I have a strange pair that worked together in my head as I composed the poems for “Boomtown.” Yusef Komunyakaa underscored for me the need to continue to engage with the very human context of culture. His poetry is steeped in an awareness of and speaks back to the literary and mythological canon of many cultures. It is instructive to note that his new and collected poems is titled Pleasure Dome. But his erudition does not overwhelm the work. His control of small narratives was also an inspiration, especially in the poems of Dien Cai Dau. Because of poems like “Jasmine” and “Tuesday Night at the Savoy Ballroom” I wanted more music in my manuscript—songs from each of the eras I worked with—but there was only so much time. The other poet whose erudition I paid careful attention to is Brenda Hillman. Her book Cascadia suggests that there are many different ways to grapple with place. Unlike any of the previous poets, she works in a more, for want of a better word, experimental vein. Her intellectual engagements are far more aggressive than Komuyakaa’s, and I am not sure I enjoy her work as much. For example, her poem “Styrofoam Cup” uses space and a total of fourteen words to suggest dismay over that nigh indestructible artifact of the twentieth century (21). The experiment is interesting, but it does not draw me in. However, her work did continue to remind me that there are many ways to engage and explore place, and a strict adherence to plain speech is not always required.

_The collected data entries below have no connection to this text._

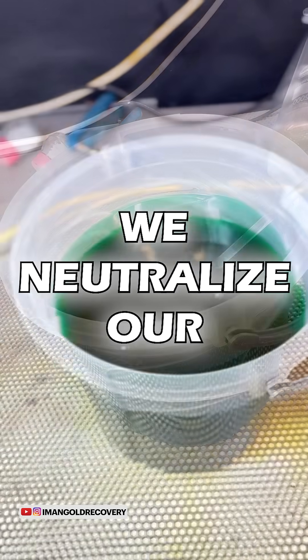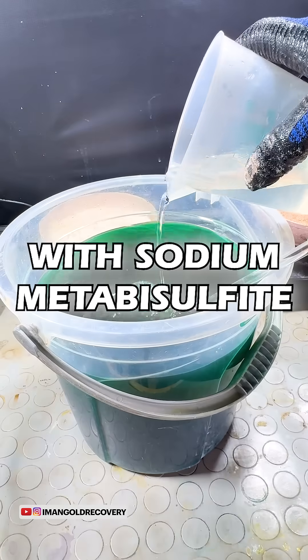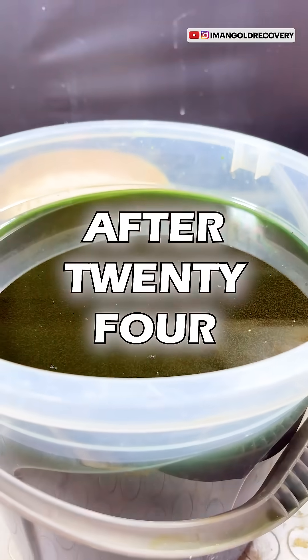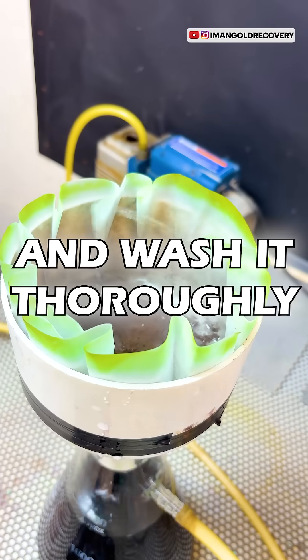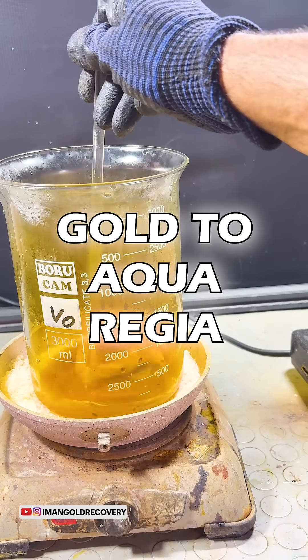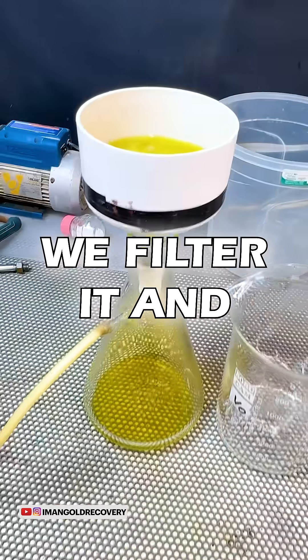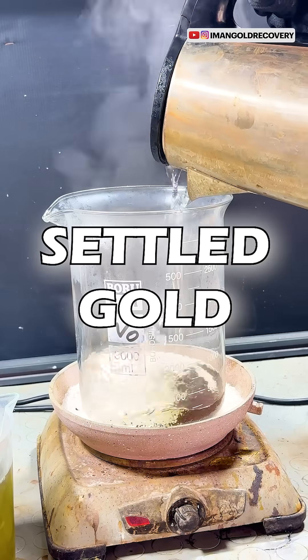We neutralize our Aqua Regia using urea and then precipitate it with sodium metabisulfite. After 24 hours, we filter the precipitated gold powder and wash it thoroughly. We subject our filter paper containing gold to Aqua Regia treatment again, filter it, and precipitate it again. After heating for one hour, we wash the settled gold.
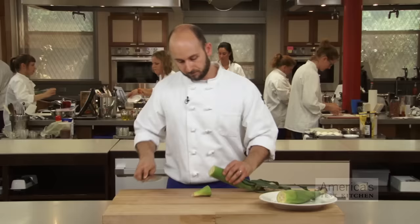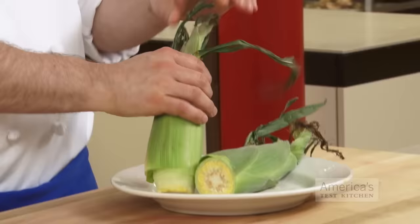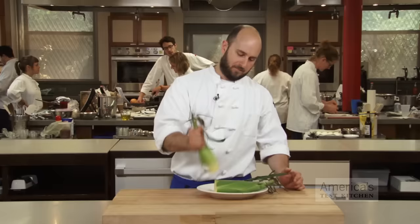Start by cutting from the stock end one inch above the last row of kernels. Place it on a plate and microwave for two to four minutes. The microwave creates just enough steam between the kernels and the husk to separate the two.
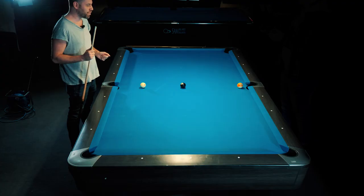Alright, so this shot is what I call the impossible treble. If you get stuck in a position like this, you can come off three cushions and pop the black in here, or whichever ball's there. So I'm gonna give this a go.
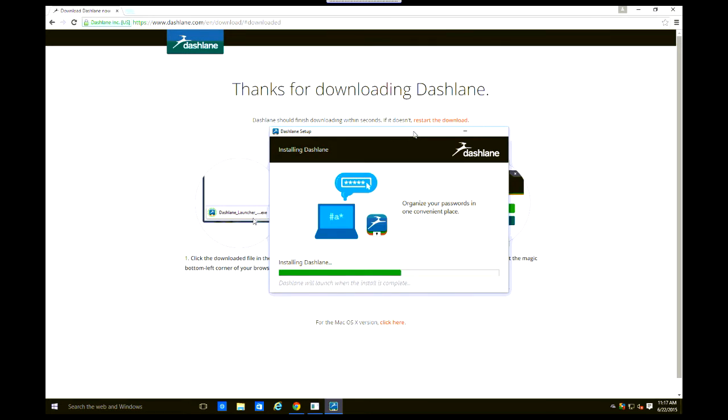It's installing, and it says it will automatically open when it's ready, so you don't have to worry about it.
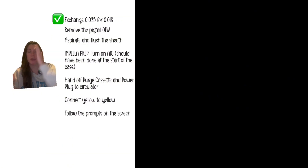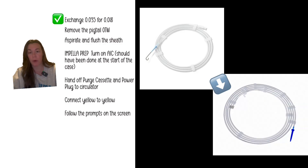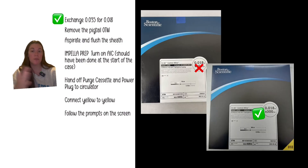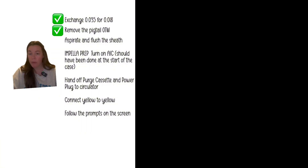Next, perform a wire exchange: swap the 0.035 wire from the pigtail for the 0.018 wire in the Impella kit, because the Impella goes over an 0.018 wire. If you lose the 0.018 wire you can use a V18 peripheral wire — just make sure it's over 260 cm long. Remove the pigtail over that wire, then aspirate and flush the sheath, because it's a large sheath and you likely have clot in it.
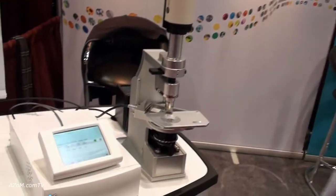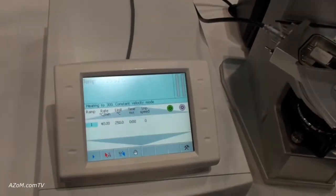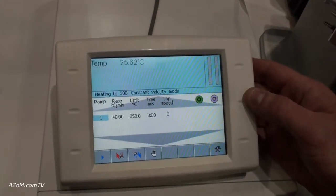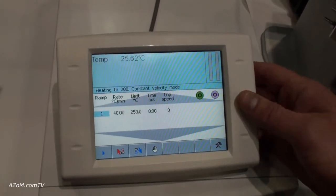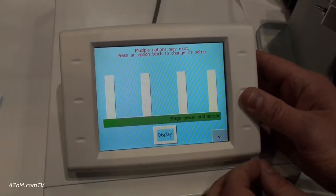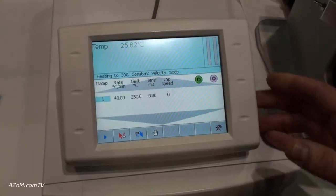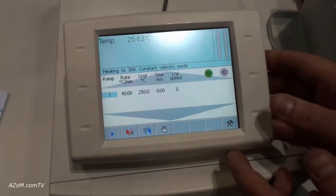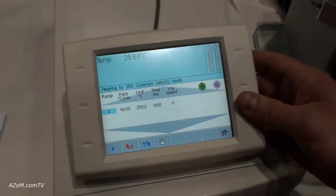As Cameron mentioned, Linkam has a brand new T95 temperature programmer used to control a variety of their thermal stages. We have it on display here. This is the first time it's being released at Pittcon 2009, and what Linkam has done is they've modified their temperature programmer to offer this ergonomic touchpad control screen. I can control up to 150 different temperature ramps, and this will in turn control my Linkam thermal stage.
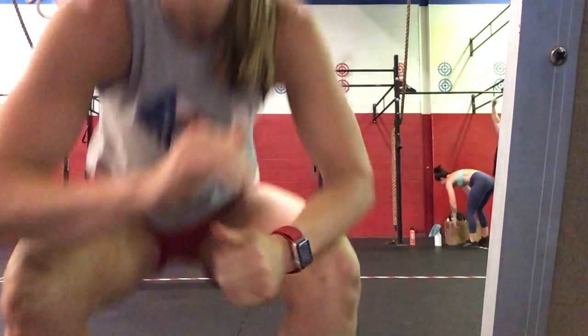Hey guys, this is your workout and warm-up demo for Friday. We're going to start with our warm-up. It's going to be 30-second intervals for about five or six movements. The first one is going to be butt kickers.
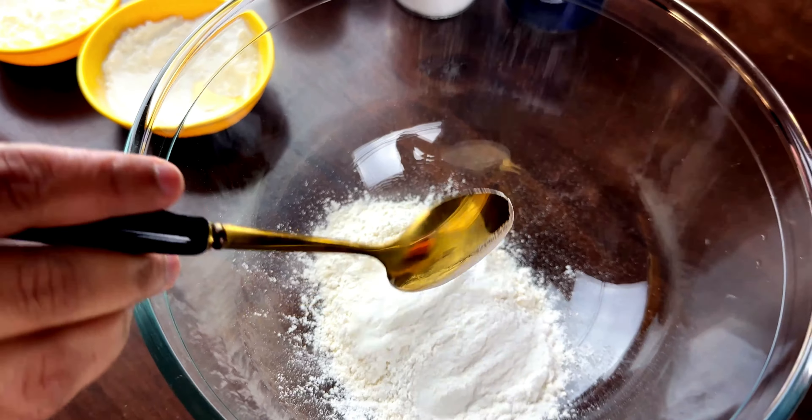Heat oil in a kadai for deep frying. Dip each prawn into the beer batter, holding it by the tail, then gently lower it into the hot oil. Fry in batches until golden brown, around 4 to 5 minutes on a low flame, flipping halfway through for even cooking.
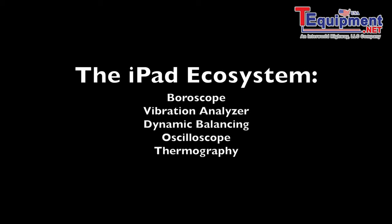With that, we have a really valuable ecosystem on the iPad platform — a Bohroscope, vibration analyzer, dynamic balancing, oscilloscope, thermography, and much more. Thank you for watching.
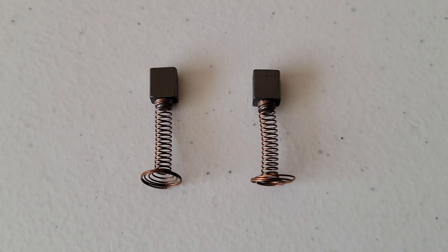You also want to make sure that when you do replace them, you use the correct Dremel replacement brushes that are designed for your tool. There are different carbon brushes out there and you don't want to put the wrong one in your rotary tool. Let's go ahead and reinstall these into my Dremel 4300.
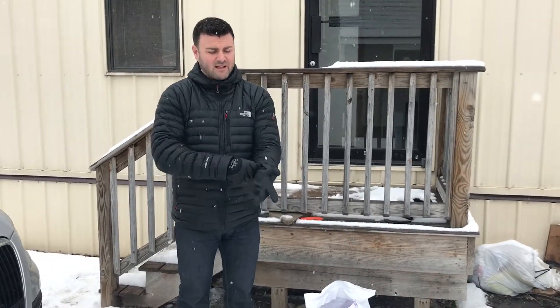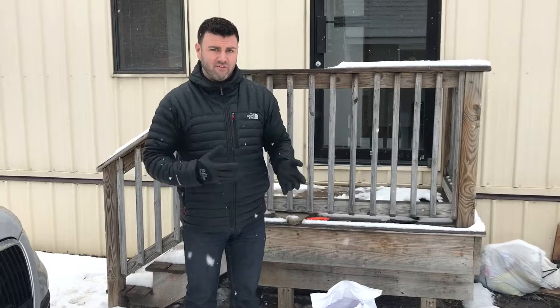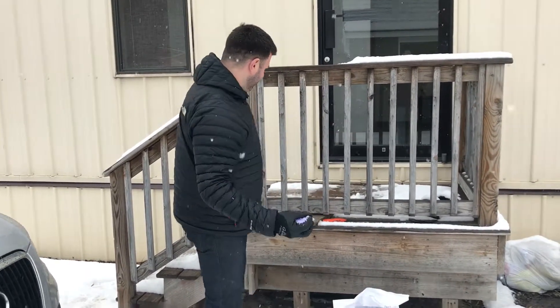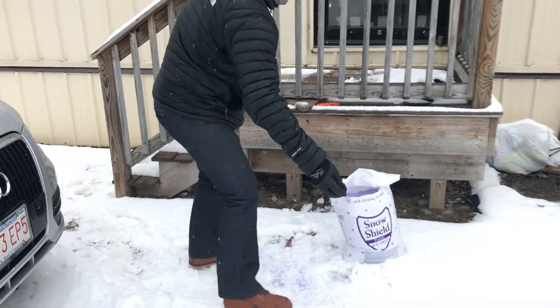Really what these are great for is throwing salt. But like I said, you can go back and forth between shoveling and throwing salt by hand. See? Get a nice handful and spread it by hand.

One last poet kept coming to mind as I worked. Jimmie Santiago Baca pays careful attention to family and place. In particular, he describes intergenerational relationships so that we, as readers, participate in a broader sense of what it means to be human, to live the social lives of humans. Examples of this kind of focus include “What’s Real and What’s Not” and “Family Ties.” In the former, two old friends take a camping trip into the desert. The poem is about the relationship of the two men, but it ends with “[w]e enter city limits, / and the torch my body is / dims to old darkness again” (56); too much humanity degrades the spirit. And in the latter poem, Baca feels “no love or family tie,” even when surrounded by them (62). Still, when he heads out into the landscape, he takes his wife and children. In a poem about the issues of land ownership, he finds his own family calming. Throughout Baca’s work, human and non-human are fairly intimate: animals, plants, and landscapes inform his poetry. But the nature that emerges in the poems does not seem to appear as if by special arrangement. Baca engages with nature in a way that lets the non-human act as itself: each actor has their own mind and agenda. They follow their own whims, which the poet quickly notes.
In the end, I could not resist the power of the timeline in crafting “Boomtown.” I struggled to find another organizing principle, but I am content with the shape the project has taken. The book as it stands allows for a variety of voices, of poetic styles, and, yes, of research into its pages. “Boomtown” connects a broad sweep of history—both human and non-human—to the many lives and stories of Lincoln, Nebraska. The book celebrates the sometimes troubling but always interesting diversity of a small city born of imagination and desire, a city that has managed to thrive despite having no real reason to do so. At each step of the composition process, from research to draft to revision, I worked to cultivate the ecopoetic principles I outlined earlier, and at each step the engagement with a larger world, with broader contexts, led to interesting choices and stronger poems. This project has convinced me that ecopoetry is a powerful aid to the imagination and has the potential to offer substantial, important work to local, regional, and global culture.